MATERIAL SHOWN:

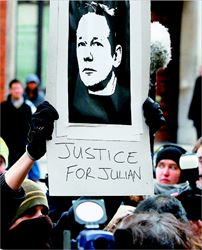 «∆ικαιοσύνη  για τον  Τζούλιαν»,    ζητεί ο διαδηλωτής κοντά  στο δικαστήριο όπου προσήχθη την  Τρίτη ο Ασάνζ,  στο Γουέστµινστερ του  Λονδίνου  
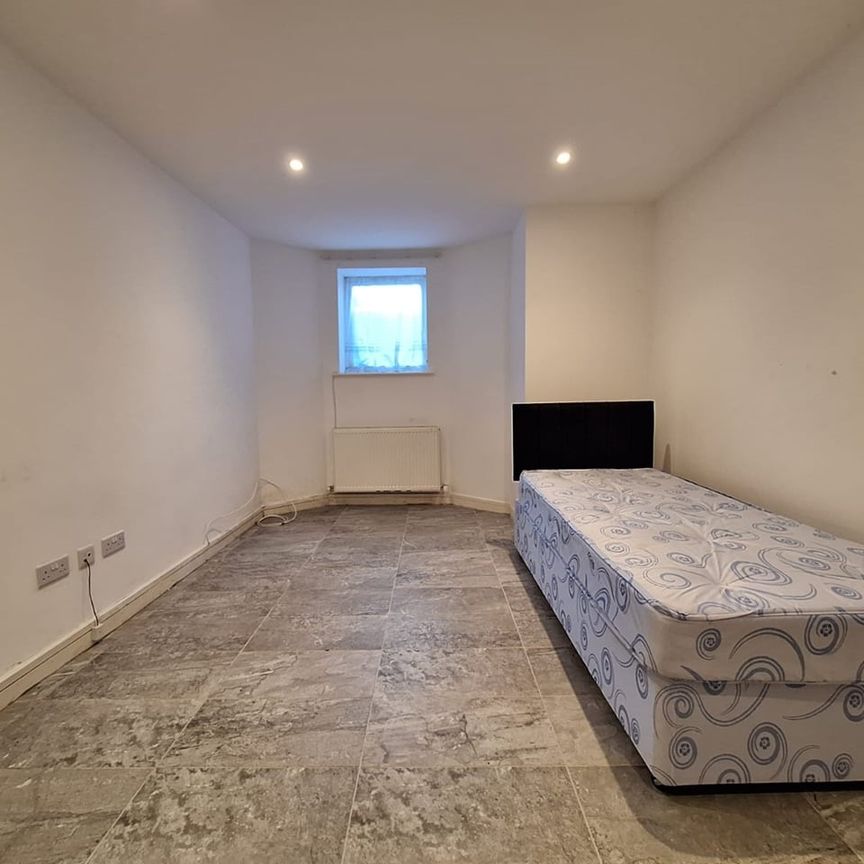 2 Bed Terraced House, Heath Road, CR7 - Photo 1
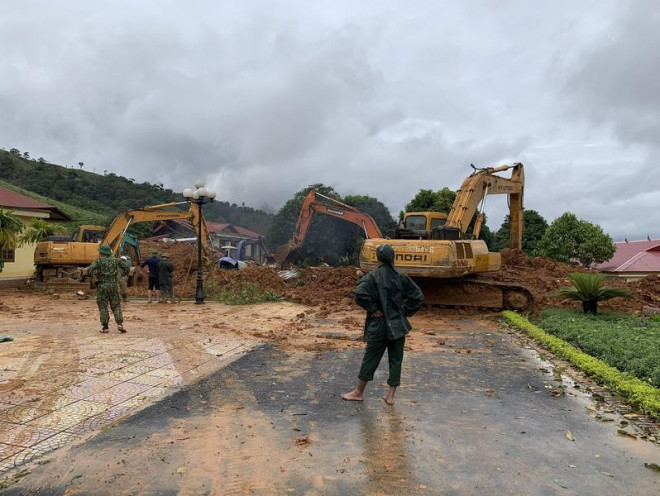 Xe cẩu và lực lượng chức năng tham gia tìm kiếm ở bên trong. Ảnh: MỸ HẠNH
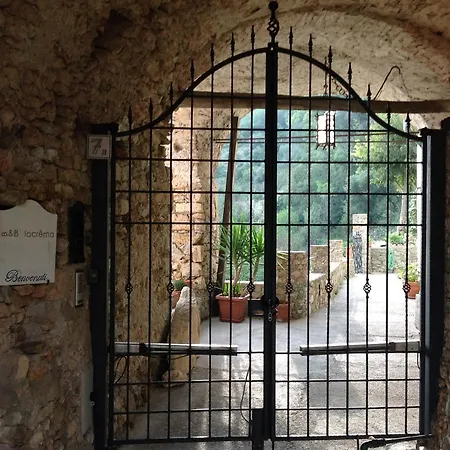 B&B Lacrema-2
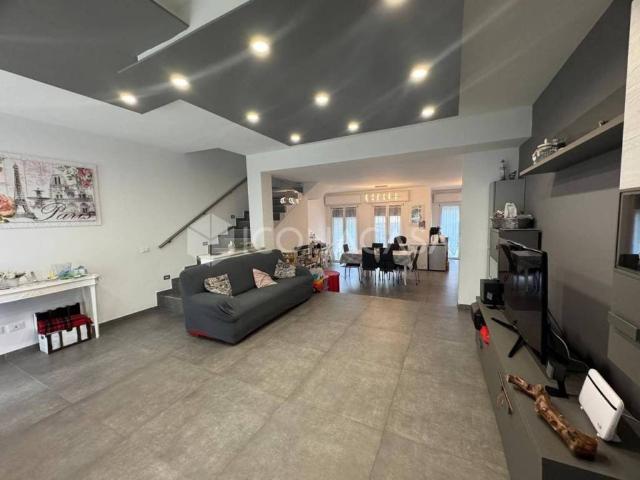 Villa Schiera in vendita a Unione dei comuni del Distretto Ceramico, Sassuolo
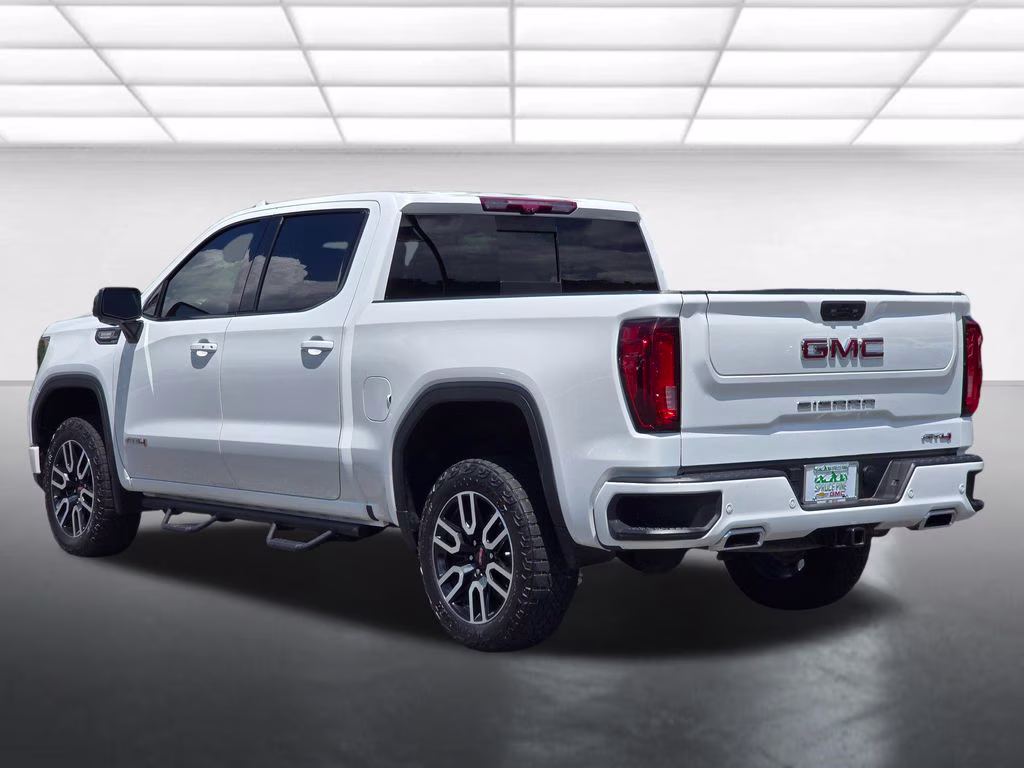 2023 Summit White GMC Sierra 1500 AT4 4X4 Truck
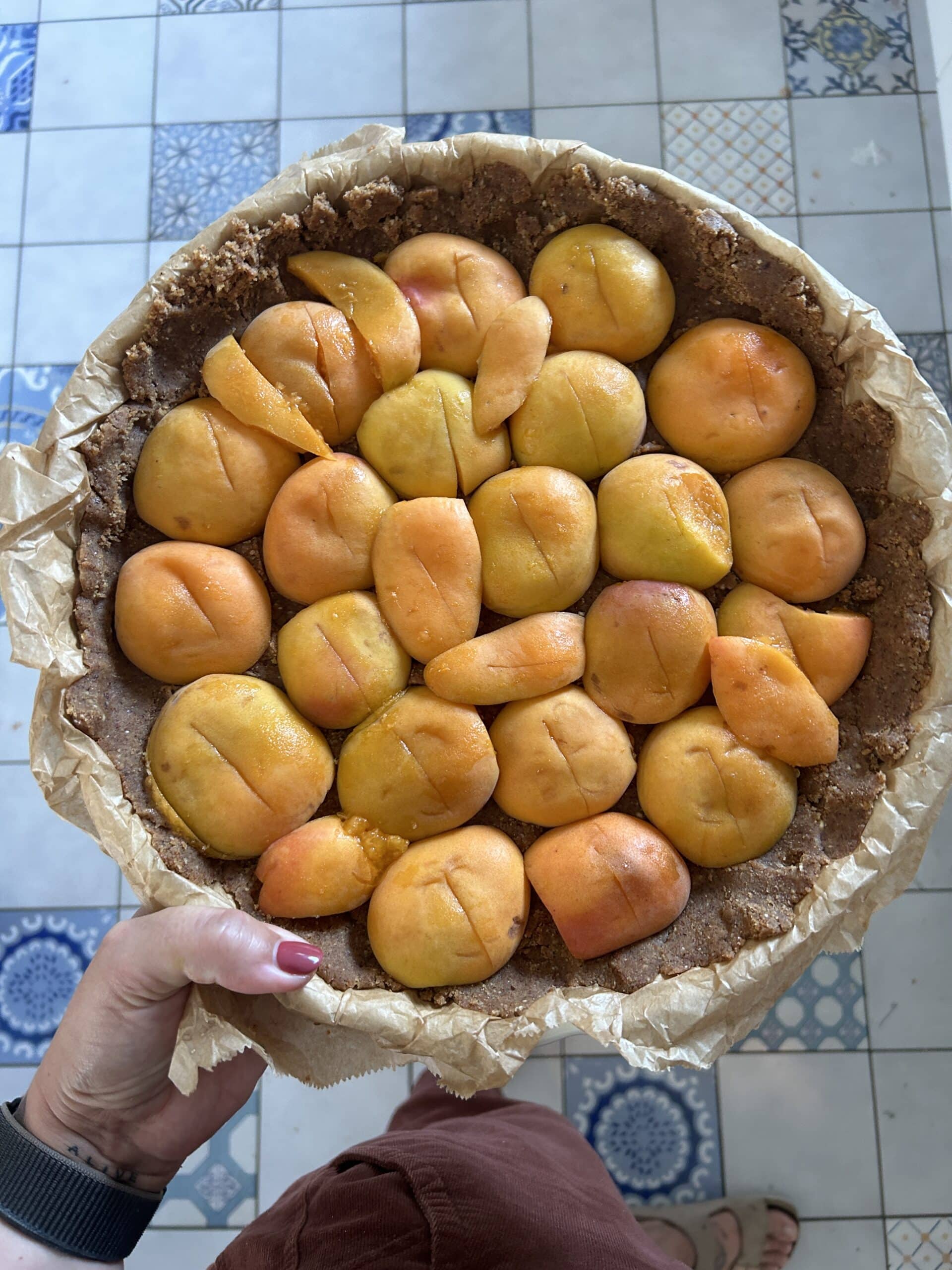 Hallo Sonntag. Ich backe eine Aprikosentarte, glutenfrei. Der Boden ist leider etwas matschig, aber lecker.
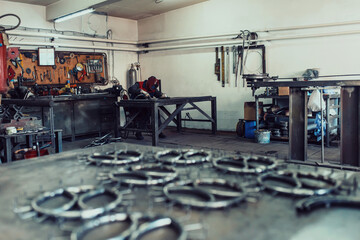Obraz premium Pieces of steel lined up on the table ready for the welding process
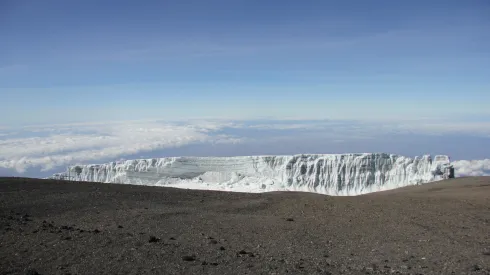 Lodowiec na Kilimanjaro. fot. E. Wiejaczka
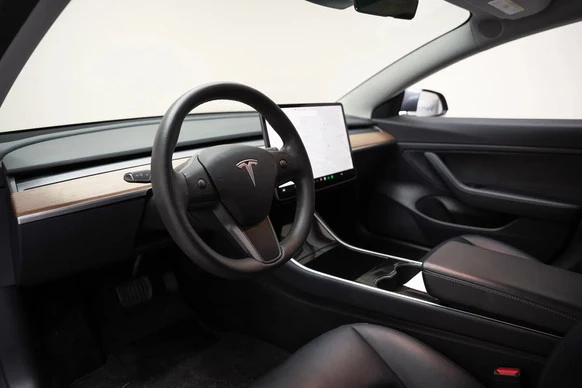 Tesla Model 3 - Afbeelding 17 van 30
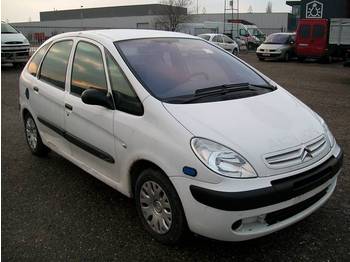 Citroen MPV, fabr.CITROEN, type PICASSO, 2.0 HDI, eerste inschrijving 01-01-2006, km-stand 136.700, chassisnr VF7CHRHYB25736940, AIRCO, alle documenten aanwezig - Automóvel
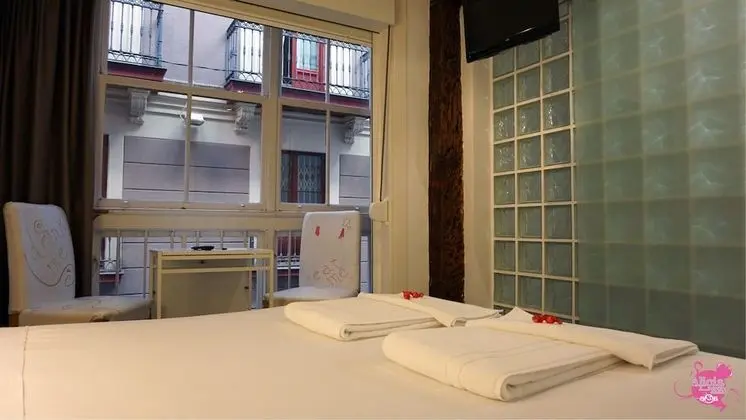 Büyük Yataklı Tek Kişilik Oda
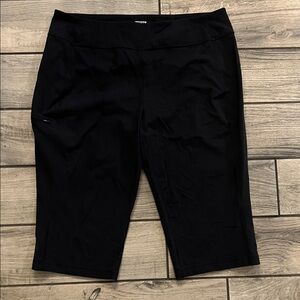 Duluth Trading Co Black Performance Shorts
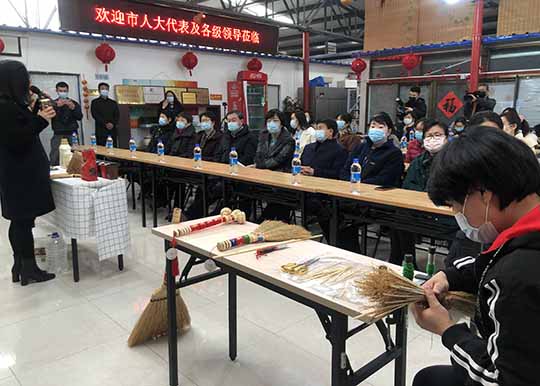 市人大妇女代表小组开展庆祝“三八”国际妇女节调研活动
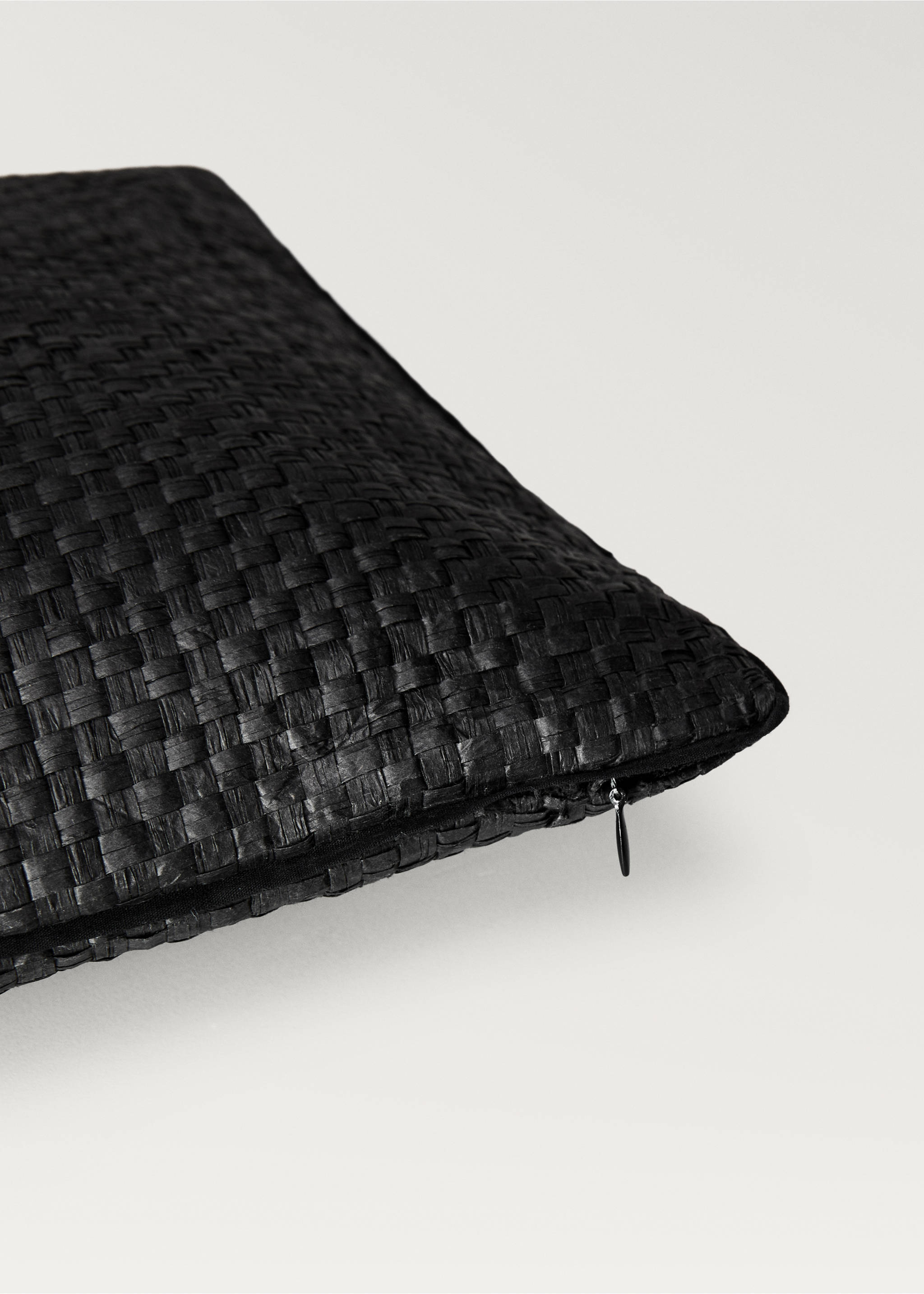 Funda cojín papel trenzado ribete 30x50 cm - Detalle del artículo 2, Negro. Ref: 87072920-00.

TASK OBJECTIVE: Return every entry above exactly as written, minus the pictures.

ANSWER SPACE:
 «∆ικαιοσύνη  για τον  Τζούλιαν»,    ζητεί ο διαδηλωτής κοντά  στο δικαστήριο όπου προσήχθη την  Τρίτη ο Ασάνζ,  στο Γουέστµινστερ του  Λονδίνου  
 2 Bed Terraced House, Heath Road, CR7 - Photo 1
 Xe cẩu và lực lượng chức năng tham gia tìm kiếm ở bên trong. Ảnh: MỸ HẠNH
 B&B Lacrema-2
 Villa Schiera in vendita a Unione dei comuni del Distretto Ceramico, Sassuolo
 2023 Summit White GMC Sierra 1500 AT4 4X4 Truck
 Hallo Sonntag. Ich backe eine Aprikosentarte, glutenfrei. Der Boden ist leider etwas matschig, aber lecker.
Obraz premium Pieces of steel lined up on the table ready for the welding process
 Lodowiec na Kilimanjaro. fot. E. Wiejaczka
 Tesla Model 3 - Afbeelding 17 van 30
 Citroen MPV, fabr.CITROEN, type PICASSO, 2.0 HDI, eerste inschrijving 01-01-2006, km-stand 136.700, chassisnr VF7CHRHYB25736940, AIRCO, alle documenten aanwezig - Automóvel
 Büyük Yataklı Tek Kişilik Oda
 Duluth Trading Co Black Performance Shorts
 市人大妇女代表小组开展庆祝“三八”国际妇女节调研活动
 Funda cojín papel trenzado ribete 30x50 cm - Detalle del artículo 2, Negro. Ref: 87072920-00.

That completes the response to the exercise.